Juliana: lágrimas na chuva

 

LÚCIO EMÍLIO JÚNIOR – Ontem de manhã, quarta-feira (21), encontrei Juliana, minha colega de trabalho, pela última vez. Falamos sobre o diário eletrônico. Ela contou que havia jogado no sistema as datas e não as notas dos alunos. Comentou como ele, às vezes, sumia com as nossas coisas. Depois de tudo anotado, de repente, olhava lá e o trabalho suado sumira. Só que agora, quando escrevo essa coluna, as lágrimas descem do meu rosto… Foi a Ju que sumiu.

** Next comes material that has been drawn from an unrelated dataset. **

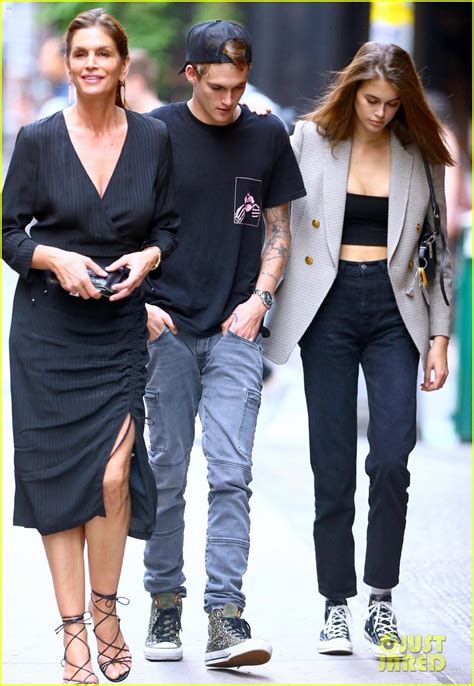 Kaia Gerber Meets Up With Brother Presley And Mom Cindy Crawford For Event In Nyc Photo 1240787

A Ju, às vezes, parava o carro e me dava carona, em nosso trajeto para o trabalho. Contei a ela – e ela riu muito — que um dia, debaixo de um enorme temporal, um carro parou no lugar onde ela por vezes parava para mim (uma esquina) e eu achei que era ela em gesto salvador. Para minha catástrofe, era um motorista que esperava, debaixo da chuva torrencial, uma outra pessoa que sairia de uma das casas próximas. E que não se solidarizou comigo. Eu cheguei a abrir a porta e sentar, para absoluta perplexidade do dono do carro e meu imenso constrangimento. Ele não chegou a sorrir. Bastou um olhar e meu acolhimento fictício desvaneceu.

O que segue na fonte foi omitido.